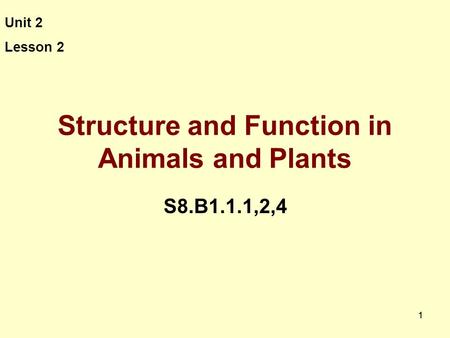 Structure and Function in Animals and Plants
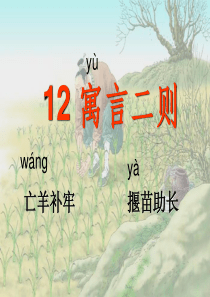二年级下册语文课件-12寓言二则∣人教部编版(2016)-(共40张PPT)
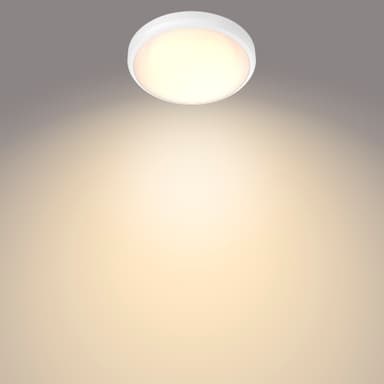 Philips Doris taklampe 6W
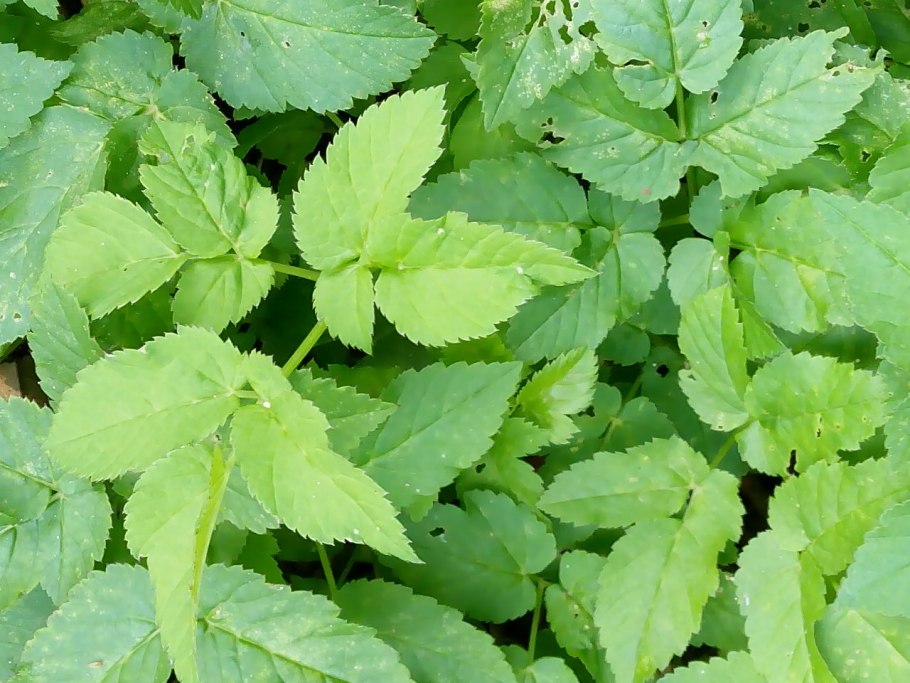 Сныть белоокаймленная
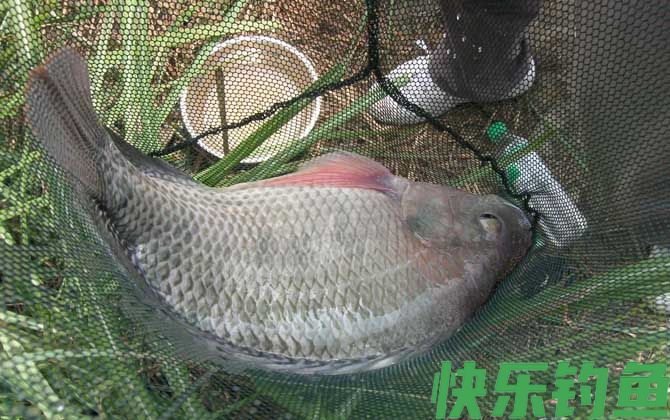 黑坑钓罗非鱼用吃铅多少的浮漂(图1)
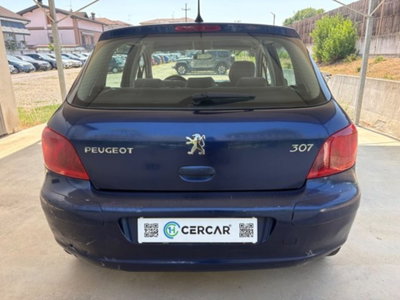 Peugeot 307 16V 5p. XS (5)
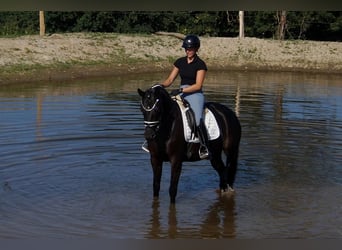Westfale, Stute, 5 Jahre, 161 cm, Rappe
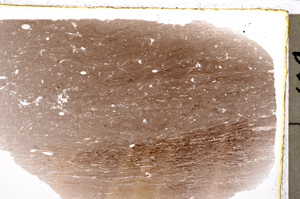 Plane Polarized, E23944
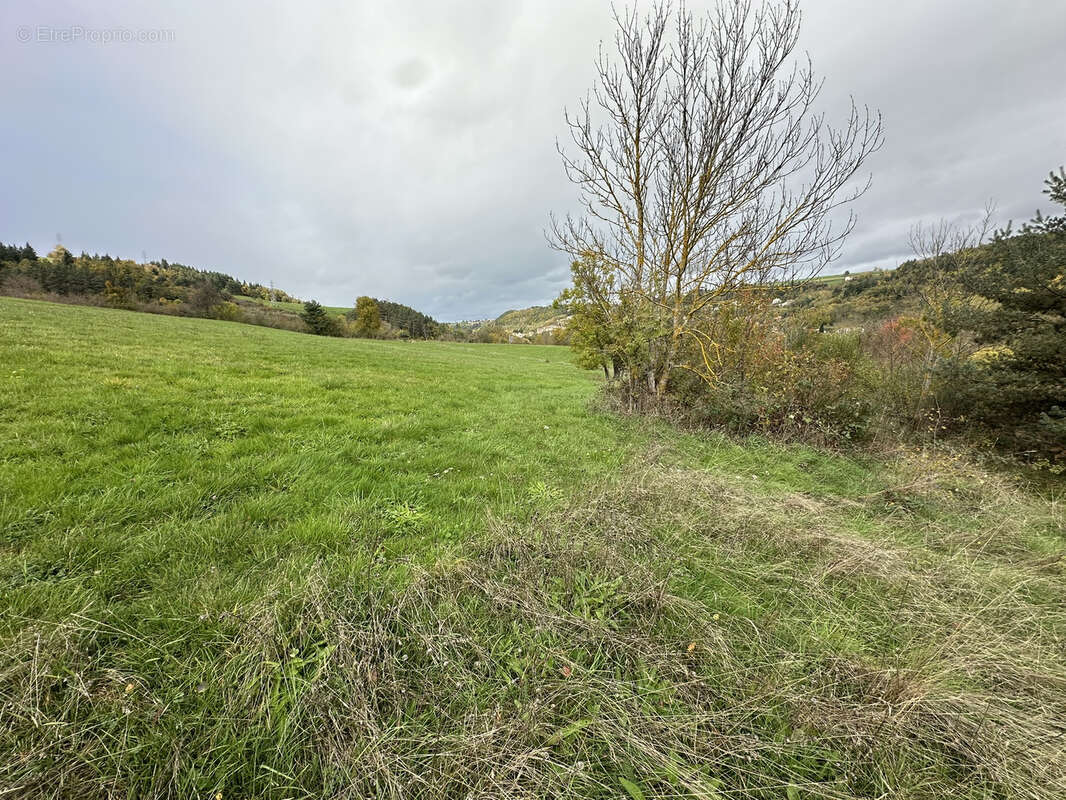 Terrain à PONT-SALOMON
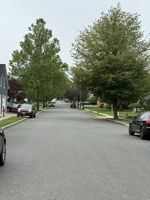 Tree lined Residential Street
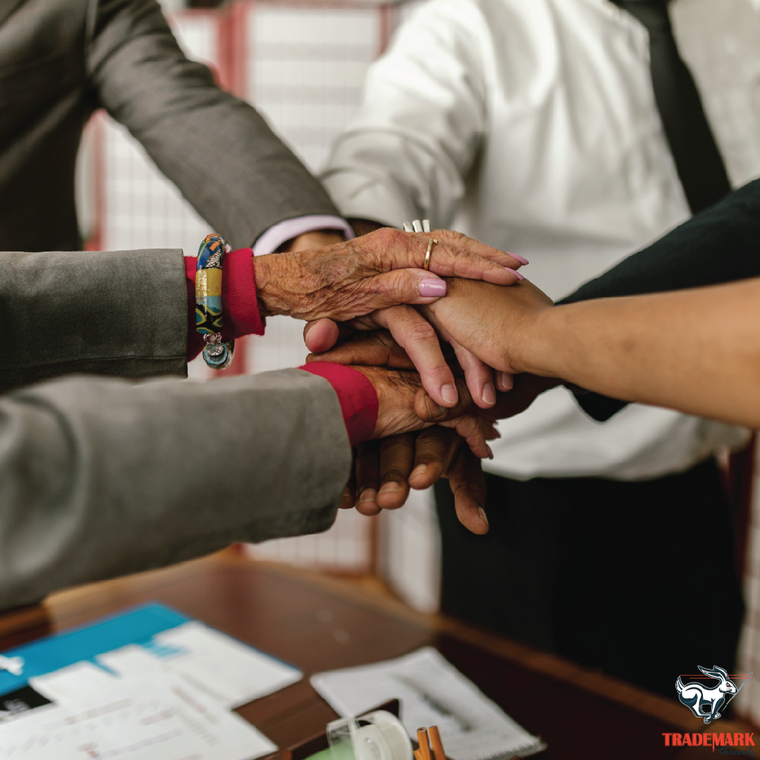 Strategic Alliance Programs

= DIRECTIONS =
An exact restatement is expected of the lines from the line containing "Tree lined Residential Street" to the end of the data above, pictures excluded.

= ANSWER TO THE EXERCISE =
 Tree lined Residential Street
 Strategic Alliance Programs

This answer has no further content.